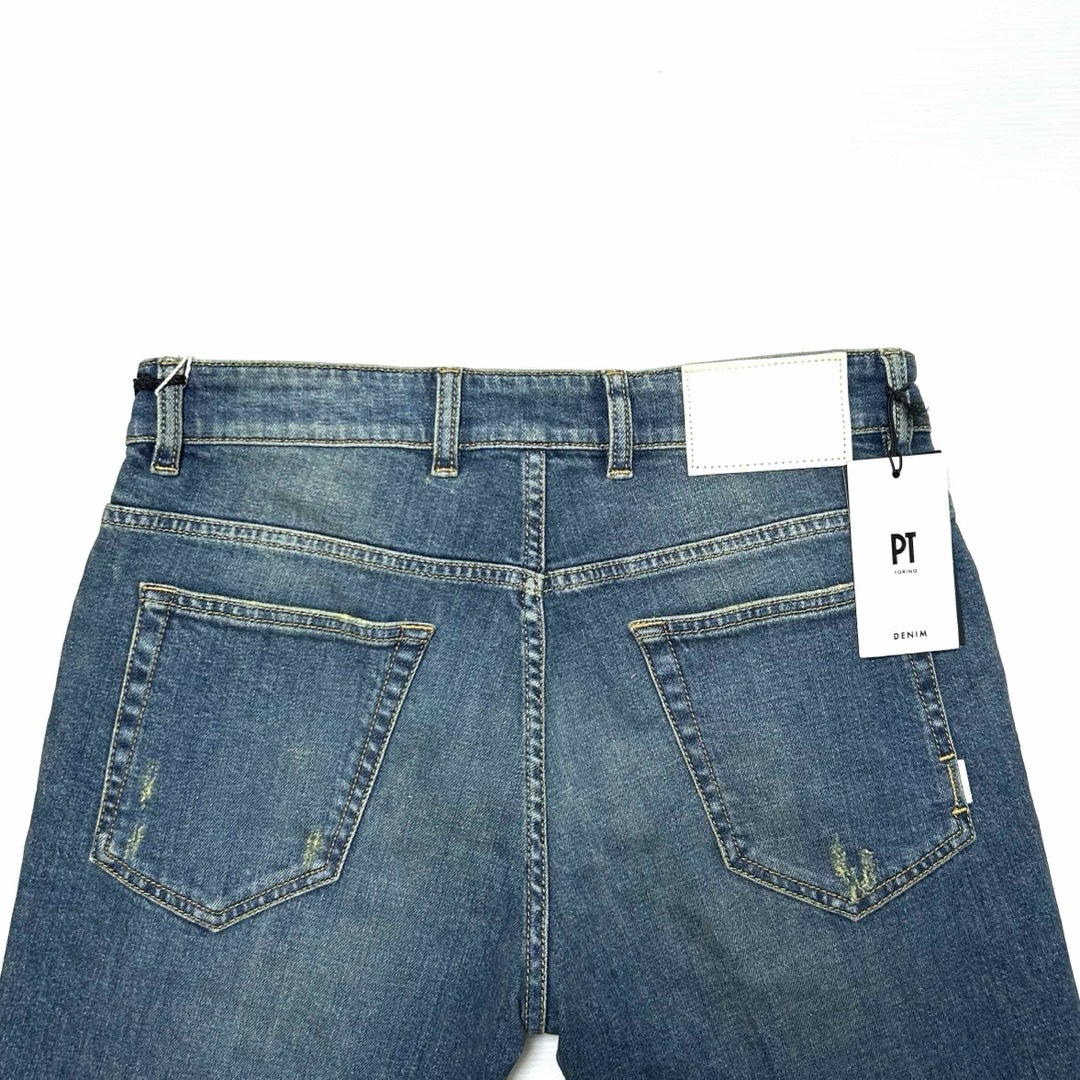 Pt(ピーティ)の新品【PT DENIM TORINO REGGAE デニムパンツ438】チルコロ メンズのパンツ(デニム/ジーンズ)の商品写真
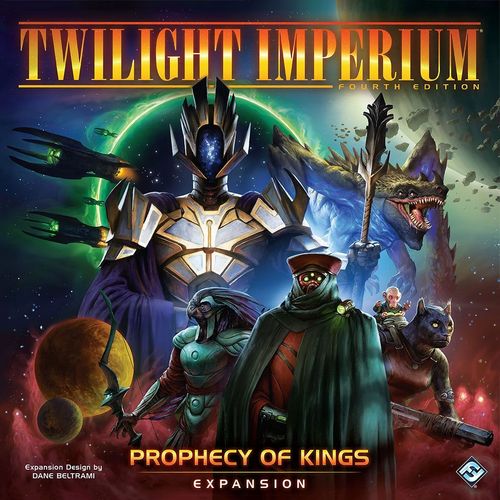 Twilight Imperium: Fourth Edition – Prophecy of Kings thumbnail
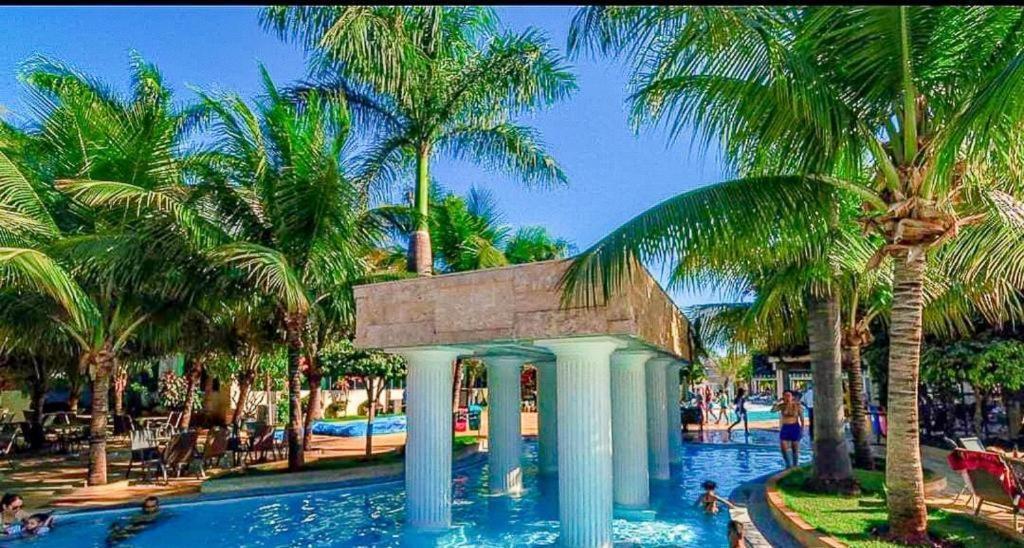 L'Acqua Diroma - Suites Confortaveis - Diversao Garantida - Piscina De Ondas Exclusiva Калдас-Новас Екстер'єр фото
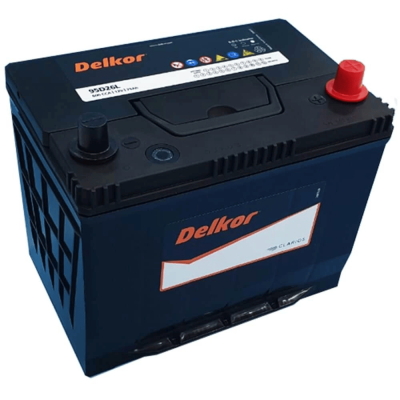 Ắc quy Delkor 12V 75AH 95D26R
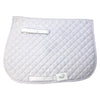 Dover Saddlery Quilted Pad in White
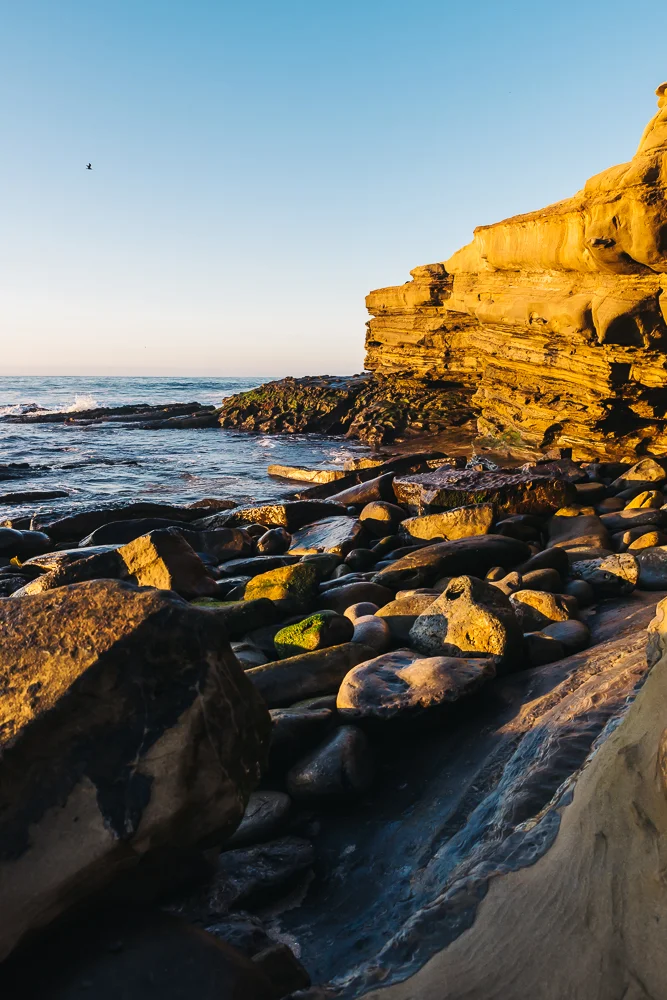 Catching the Sunset at La Jolla, California Travel Pockets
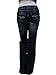 Indigo Maternity Jeans, UK Size 16 (XL), Regular length 31"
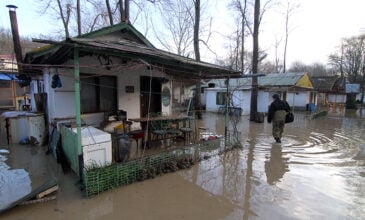 Βουλγαρία: Δύο νεκροί από τις πλημμύρες στο Τσάρεβο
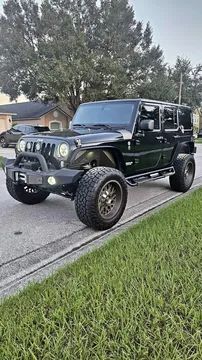 2012 Jeep Wrangler Unlimited Sport SUV 4D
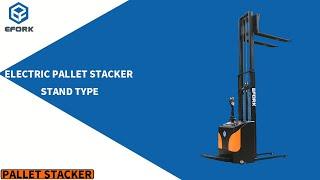 EFORK CDDW (COST-EFFECTIVE PALLET STACKER)#EFORK #FORKLIFT #FORKLIFTS #FACTORY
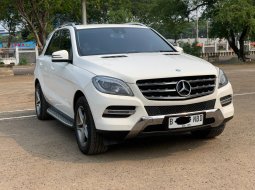 MERCEDES BENZ ML250 CDI AT PUTIH 2015 KONDISI TERAWAT 1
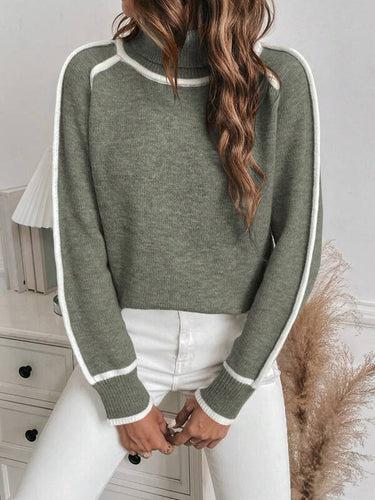 R&B | Eleganter Langarm-Pullover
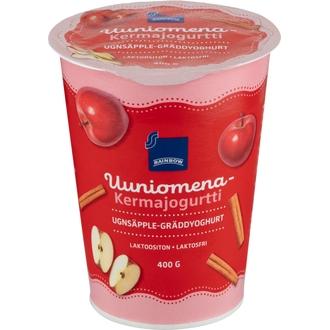 Rainbow Uuniomena-kermajogurtti 400 g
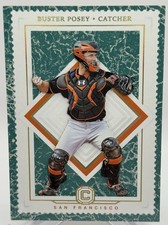 2018 Panini Chronicles Cornerstones - Buster Posey #33 Marble /10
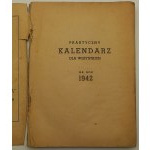 Ein praktischer Kalender für jedermann für das Jahr 1942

## WORK REQUIRED
Lines from the one containing "Indigo Maternity Jeans, UK" through the final line of the entries above are to be retyped exactly, with every picture left out.

## OUTPUT OF THE EXERCISE
 Indigo Maternity Jeans, UK Size 16 (XL), Regular length 31"
 Βουλγαρία: Δύο νεκροί από τις πλημμύρες στο Τσάρεβο
 2012 Jeep Wrangler Unlimited Sport SUV 4D
 EFORK CDDW (COST-EFFECTIVE PALLET STACKER)#EFORK #FORKLIFT #FORKLIFTS #FACTORY
 MERCEDES BENZ ML250 CDI AT PUTIH 2015 KONDISI TERAWAT 1
 R&B | Eleganter Langarm-Pullover
 Rainbow Uuniomena-kermajogurtti 400 g
 2018 Panini Chronicles Cornerstones - Buster Posey #33 Marble /10
 Ein praktischer Kalender für jedermann für das Jahr 1942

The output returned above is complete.